On 10/23/23 16:27, Jens Axboe wrote:
On 10/23/23 9:17 AM, Gabriel Krisman Bertazi wrote:
Jens Axboe <axboe@xxxxxxxxx> writes:
We could race with SQ thread exit, and if we do, we'll hit a NULL pointer
dereference. Park the SQPOLL thread while getting the task cpu and pid for
fdinfo, this ensures we have a stable view of it.

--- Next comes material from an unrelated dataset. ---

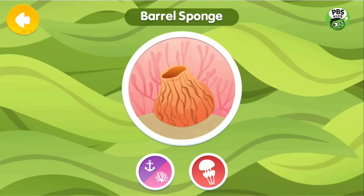A sponge is a type of animal that doesn't move. It filters its food from the water around it. This one is shaped like a barrel.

Cc: stable@xxxxxxxxxxxxxxx
Link: https://bugzilla.kernel.org/show_bug.cgi?id=218032
Signed-off-by: Jens Axboe <axboe@xxxxxxxxx>
---
diff --git a/io_uring/fdinfo.c b/io_uring/fdinfo.c
index c53678875416..cd2a0c6b97c4 100644
--- a/io_uring/fdinfo.c
+++ b/io_uring/fdinfo.c
@@ -53,7 +53,6 @@ static __cold int io_uring_show_cred(struct seq_file *m, unsigned int id,
__cold void io_uring_show_fdinfo(struct seq_file *m, struct file *f)
{
struct io_ring_ctx *ctx = f->private_data;
- struct io_sq_data *sq = NULL;
struct io_overflow_cqe *ocqe;
struct io_rings *r = ctx->rings;
unsigned int sq_mask = ctx->sq_entries - 1, cq_mask = ctx->cq_entries - 1;
@@ -64,6 +63,7 @@ __cold void io_uring_show_fdinfo(struct seq_file *m, struct file *f)
unsigned int cq_shift = 0;
unsigned int sq_shift = 0;
unsigned int sq_entries, cq_entries;
+ int sq_pid = -1, sq_cpu = -1;
bool has_lock;
unsigned int i;
@@ -143,13 +143,18 @@ __cold void io_uring_show_fdinfo(struct seq_file *m, struct file *f)

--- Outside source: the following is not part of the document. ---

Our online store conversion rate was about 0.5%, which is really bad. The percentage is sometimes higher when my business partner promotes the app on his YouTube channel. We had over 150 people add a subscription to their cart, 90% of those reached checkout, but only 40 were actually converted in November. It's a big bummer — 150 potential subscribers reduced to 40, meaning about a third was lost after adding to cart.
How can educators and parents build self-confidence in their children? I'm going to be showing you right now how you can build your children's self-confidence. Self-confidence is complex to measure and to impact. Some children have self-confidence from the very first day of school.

has_lock = mutex_trylock(&ctx->uring_lock);
if (has_lock && (ctx->flags & IORING_SETUP_SQPOLL)) {
- sq = ctx->sq_data;
- if (!sq->thread)
- sq = NULL;
+ struct io_sq_data *sq = ctx->sq_data;
+
+ io_sq_thread_park(sq);
+ if (sq->thread) {
+ sq_pid = task_pid_nr(sq->thread);
+ sq_cpu = task_cpu(sq->thread);
+ }
+ io_sq_thread_unpark(sq);
Jens,
io_sq_thread_park will try to wake the sqpoll, which is, at least,
unnecessary. But I'm thinking we don't want to expose the ability to
schedule the sqpoll from procfs, which can be done by any unrelated
process.
To solve the bug, it should be enough to synchronize directly on
sqd->lock, preventing sq->thread from going away inside the if leg.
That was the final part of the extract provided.